━━━ PROVIDED MATERIAL
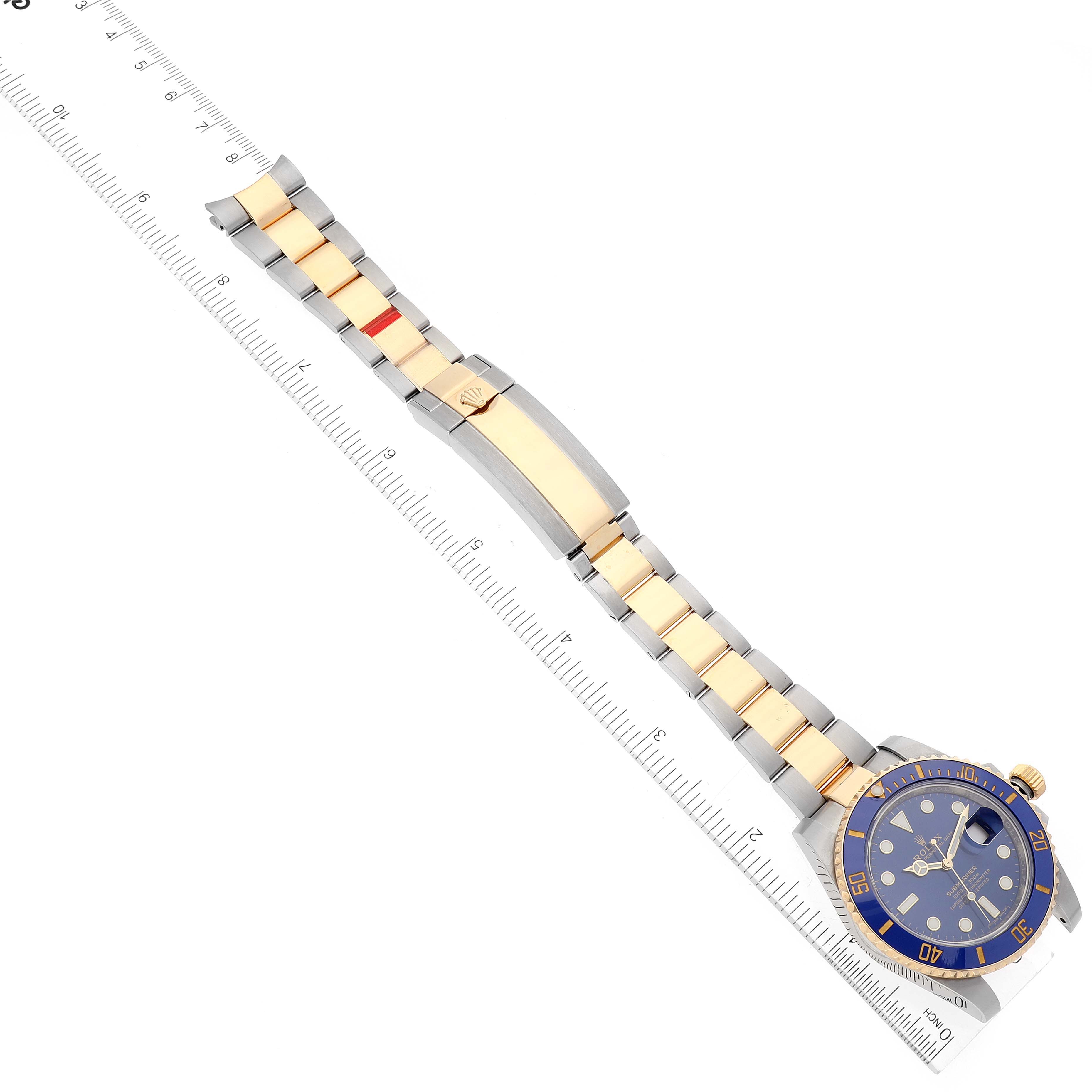 The image shows a Rolex Submariner 116613 Men's Steel and Gold (two tone) Blue Dial 116613 Men's Steel and Gold (two tone) Blue Dial watch, displaying a top view with a focus on the blue dial and two-tone bracelet measured with a ruler.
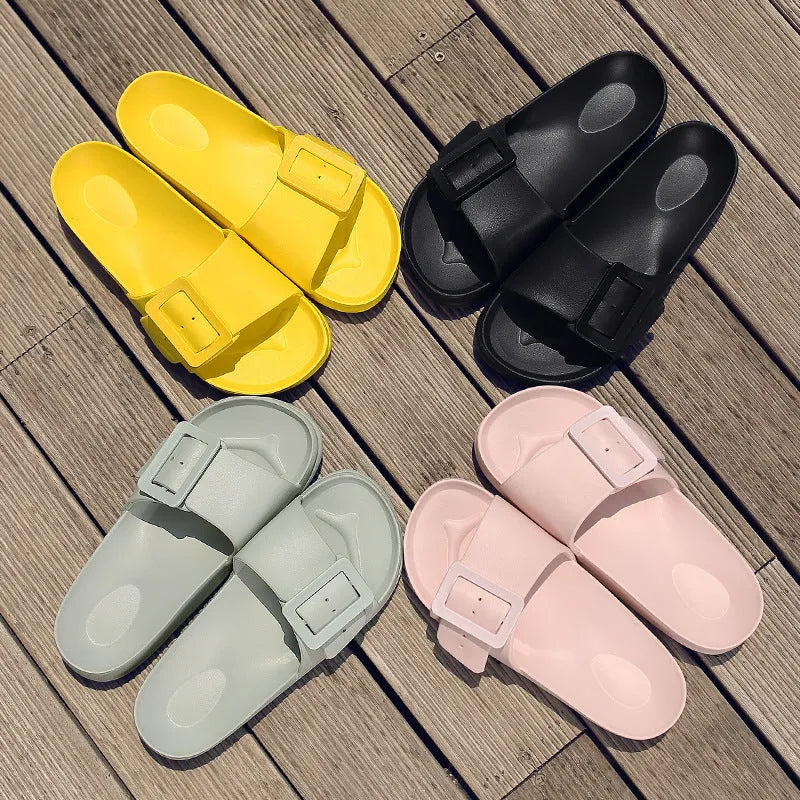 Women's grey blue EVA buckle slippers on a light background, showing the adjustable strap and textured sole.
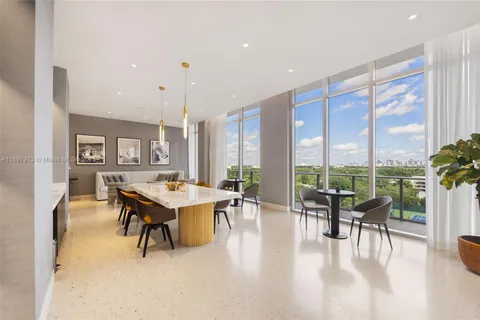 a large kitchen with stainless steel appliances lots of counter space and a sink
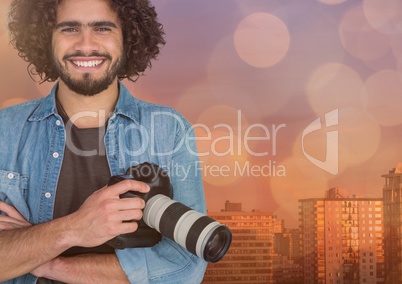 happy young photographer hands folded and camera on hand in front of the city. Overlap with blue and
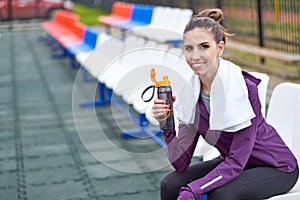 Woman runner with towel resting and drinking water from a bottle after working out track run of stadium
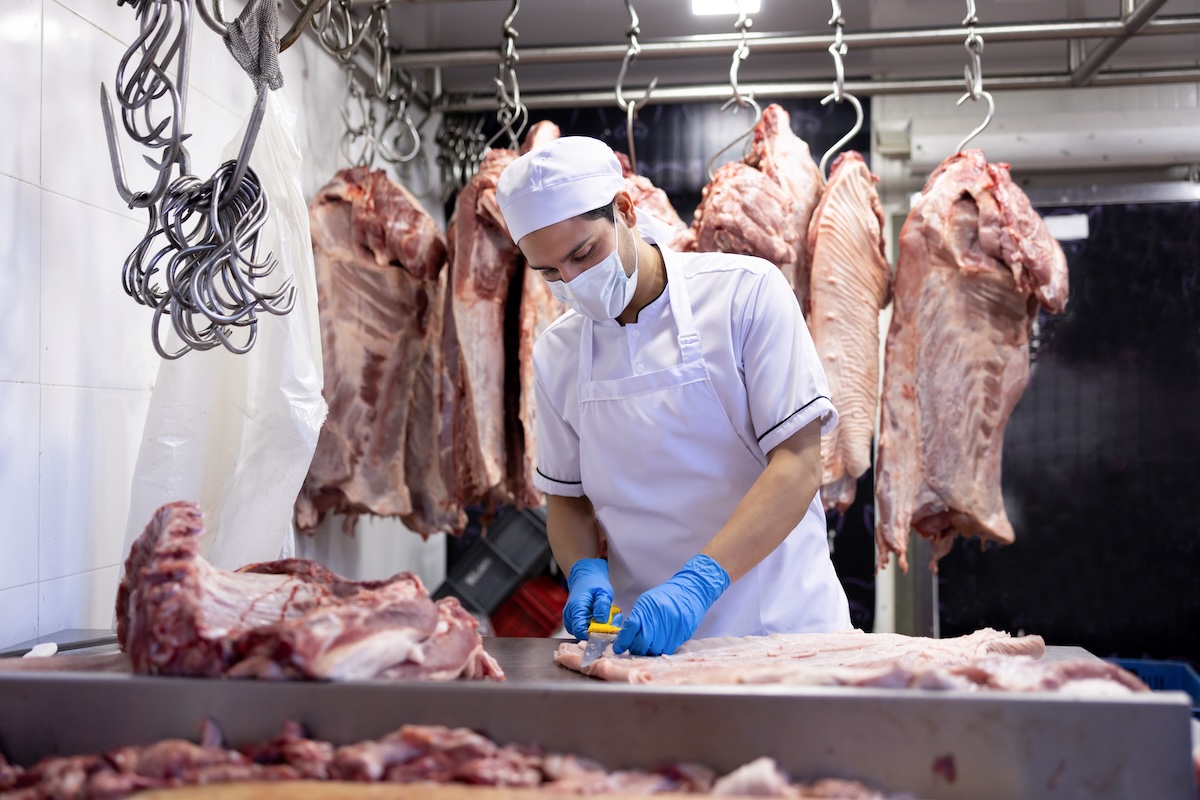 Food production facility workers processing meat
━━━━━━
→ HOW TO COMPLETE THIS TASK:
Word for word, return all the entries and skip their pictures.

→ WRITTEN RESPONSE:
 The image shows a Rolex Submariner 116613 Men's Steel and Gold (two tone) Blue Dial 116613 Men's Steel and Gold (two tone) Blue Dial watch, displaying a top view with a focus on the blue dial and two-tone bracelet measured with a ruler.
 Women's grey blue EVA buckle slippers on a light background, showing the adjustable strap and textured sole.
 a large kitchen with stainless steel appliances lots of counter space and a sink
 happy young photographer hands folded and camera on hand in front of the city. Overlap with blue and
 Woman runner with towel resting and drinking water from a bottle after working out track run of stadium
 Food production facility workers processing meat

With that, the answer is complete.